---------- Available records ----------

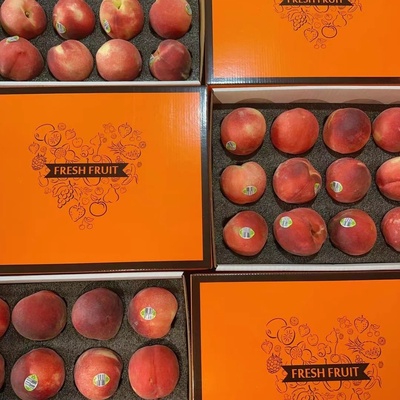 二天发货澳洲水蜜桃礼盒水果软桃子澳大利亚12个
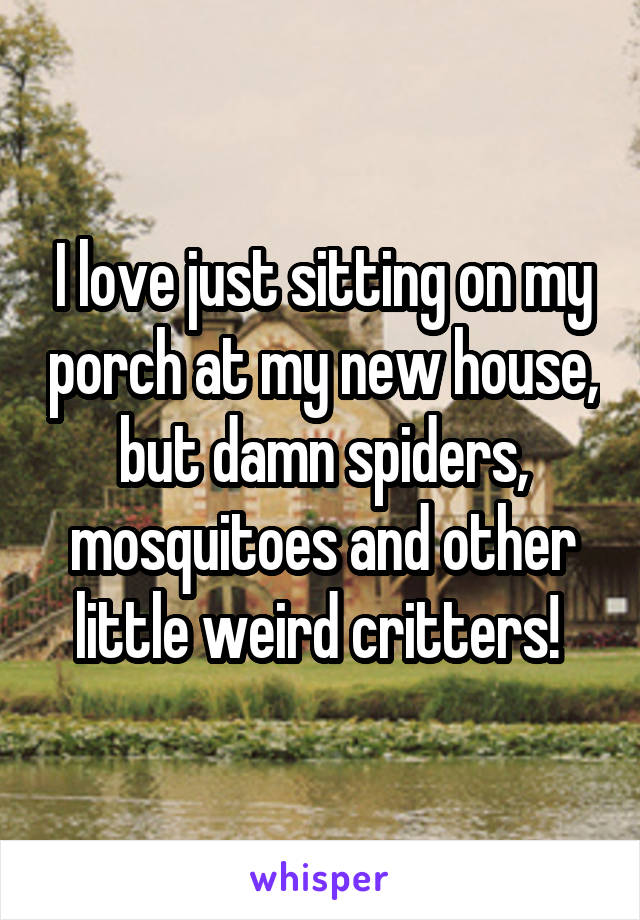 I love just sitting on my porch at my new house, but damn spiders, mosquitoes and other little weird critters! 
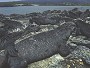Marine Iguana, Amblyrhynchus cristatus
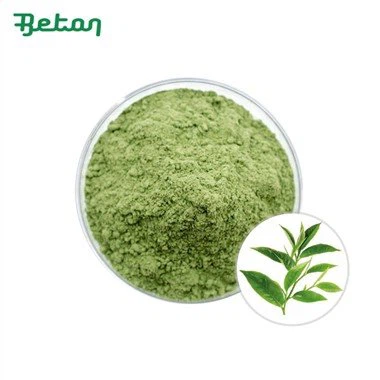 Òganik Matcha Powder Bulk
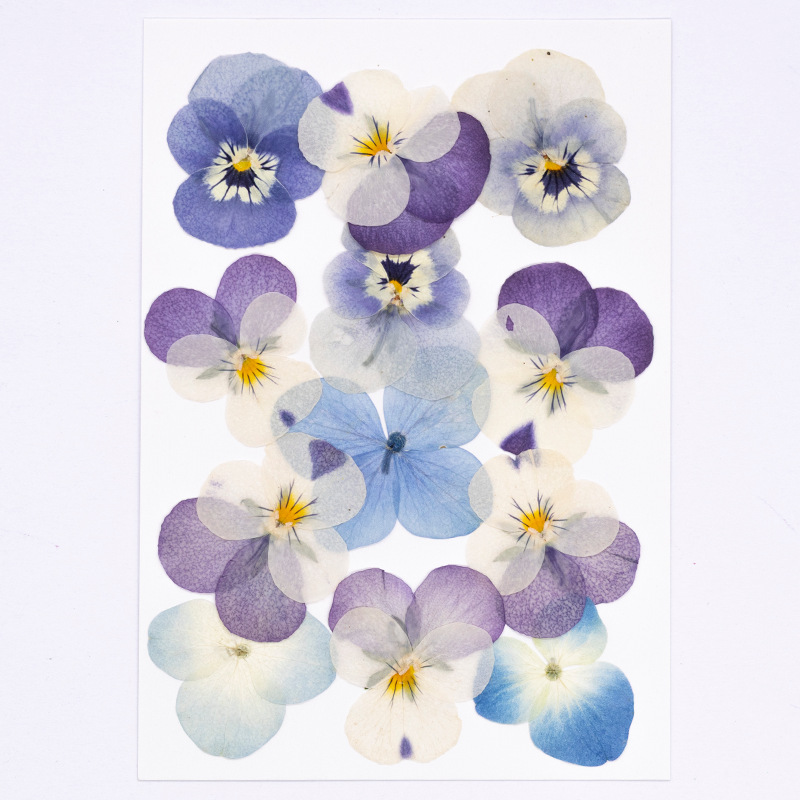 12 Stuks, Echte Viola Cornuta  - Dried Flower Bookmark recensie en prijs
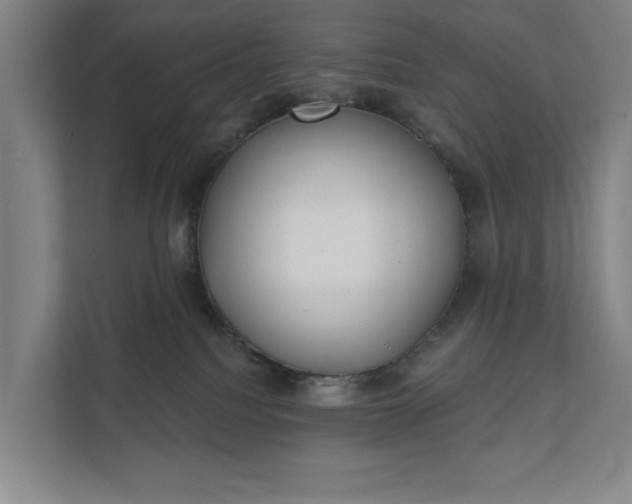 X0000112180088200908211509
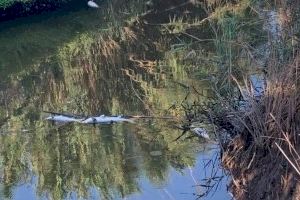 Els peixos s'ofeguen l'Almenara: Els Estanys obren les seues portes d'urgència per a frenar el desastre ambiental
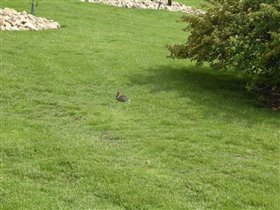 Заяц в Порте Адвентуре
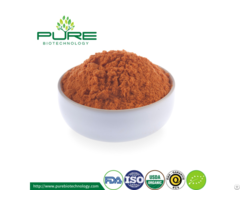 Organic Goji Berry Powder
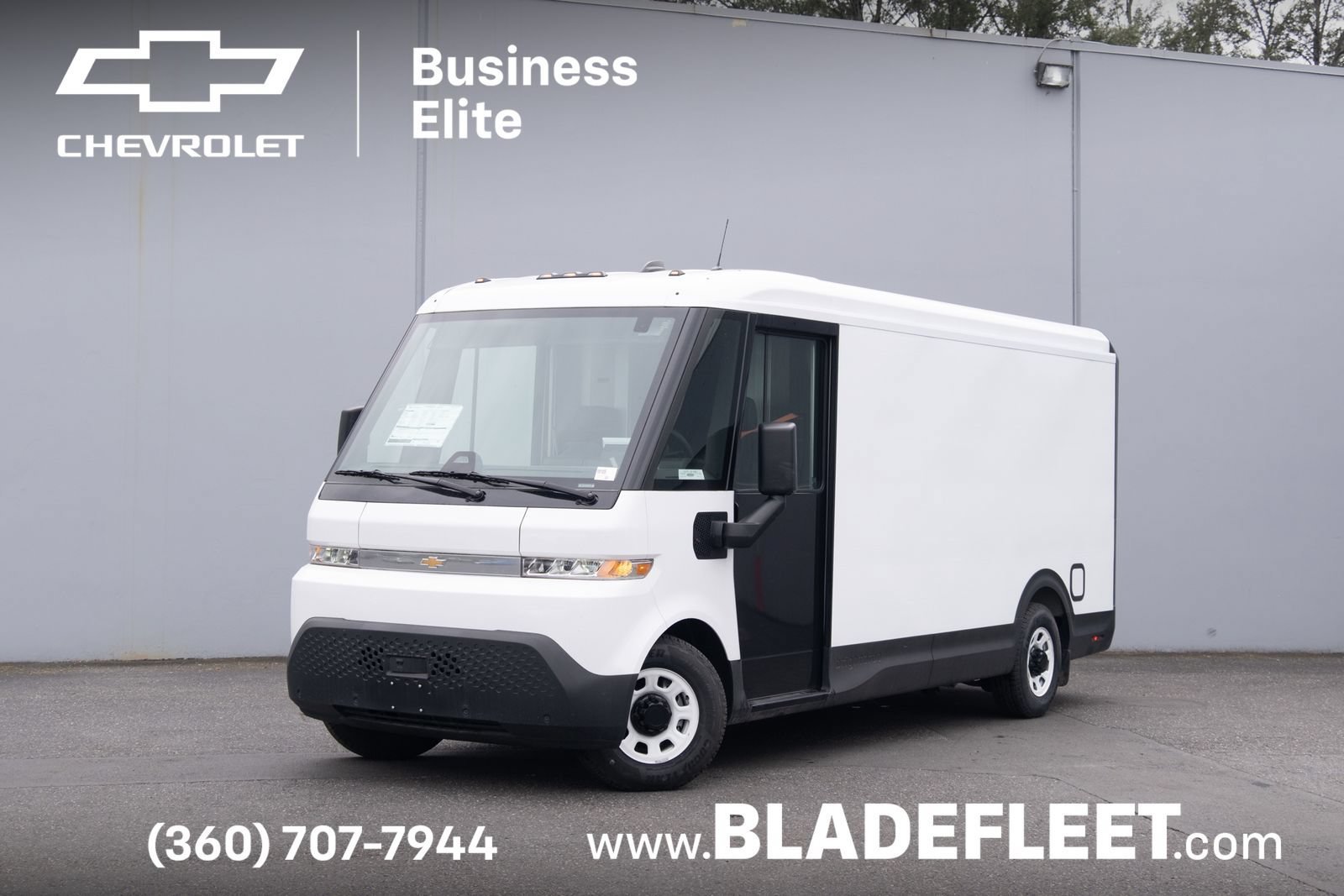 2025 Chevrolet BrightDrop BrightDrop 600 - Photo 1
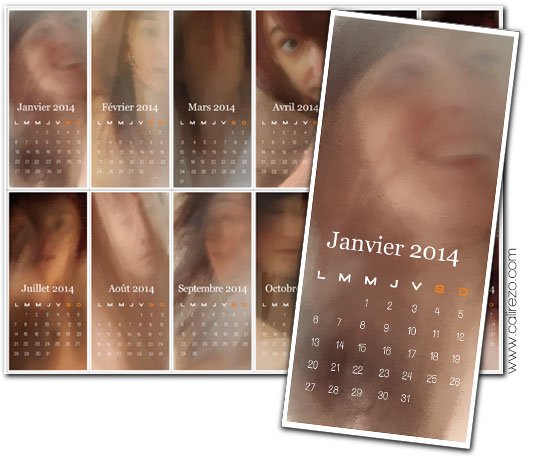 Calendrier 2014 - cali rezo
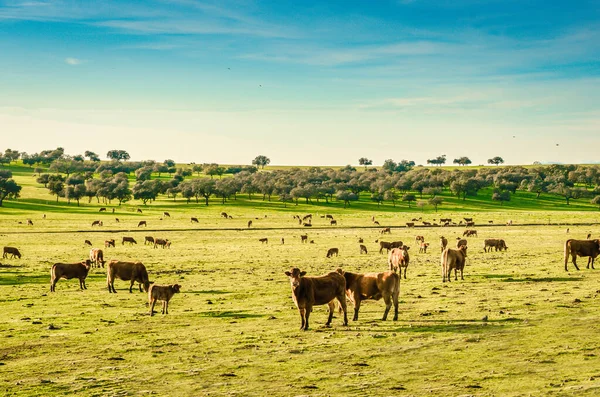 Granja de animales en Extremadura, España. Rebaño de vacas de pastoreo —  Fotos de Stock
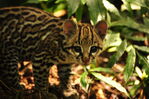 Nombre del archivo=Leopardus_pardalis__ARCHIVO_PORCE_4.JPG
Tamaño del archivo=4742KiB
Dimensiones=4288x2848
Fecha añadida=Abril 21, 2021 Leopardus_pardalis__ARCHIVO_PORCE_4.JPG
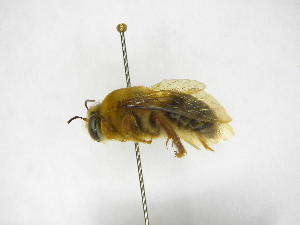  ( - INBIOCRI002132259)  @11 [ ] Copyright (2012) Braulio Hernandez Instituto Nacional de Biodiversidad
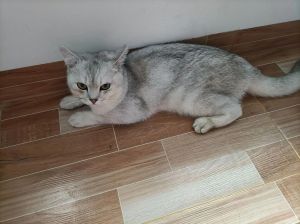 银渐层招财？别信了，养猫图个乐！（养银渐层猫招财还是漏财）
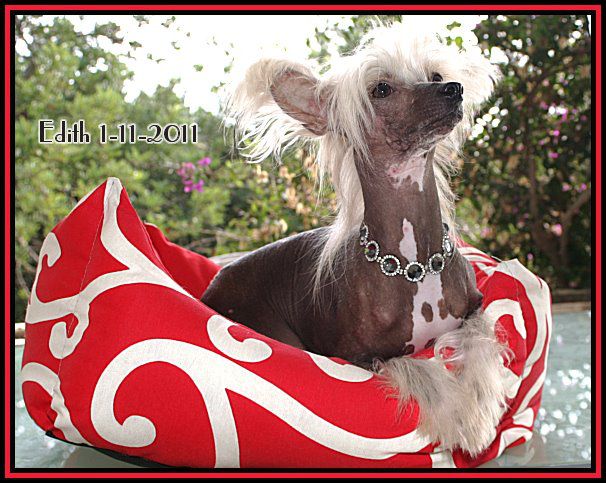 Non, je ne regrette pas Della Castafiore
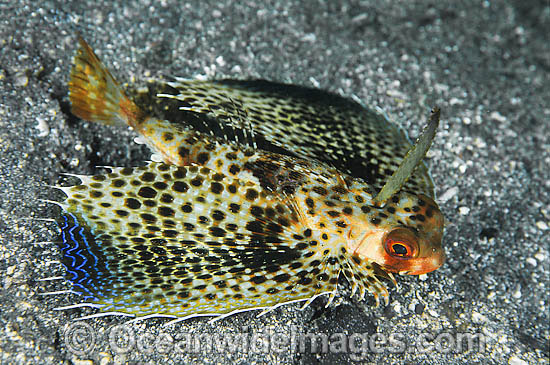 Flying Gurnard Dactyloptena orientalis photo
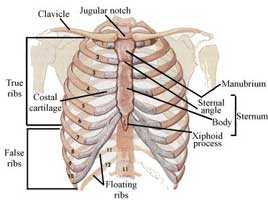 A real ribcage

----------

**Assignment:** Only the lines from the one containing "2025 Chevrolet BrightDrop" through the final line of the entries belong in the copy, both ends included. Pictures stay out.

**Answer section:**
 2025 Chevrolet BrightDrop BrightDrop 600 - Photo 1
 Calendrier 2014 - cali rezo
 Granja de animales en Extremadura, España. Rebaño de vacas de pastoreo —  Fotos de Stock
 Nombre del archivo=Leopardus_pardalis__ARCHIVO_PORCE_4.JPG
Tamaño del archivo=4742KiB
Dimensiones=4288x2848
Fecha añadida=Abril 21, 2021 Leopardus_pardalis__ARCHIVO_PORCE_4.JPG
  ( - INBIOCRI002132259)  @11 [ ] Copyright (2012) Braulio Hernandez Instituto Nacional de Biodiversidad
 银渐层招财？别信了，养猫图个乐！（养银渐层猫招财还是漏财）
 Non, je ne regrette pas Della Castafiore
 Flying Gurnard Dactyloptena orientalis photo
 A real ribcage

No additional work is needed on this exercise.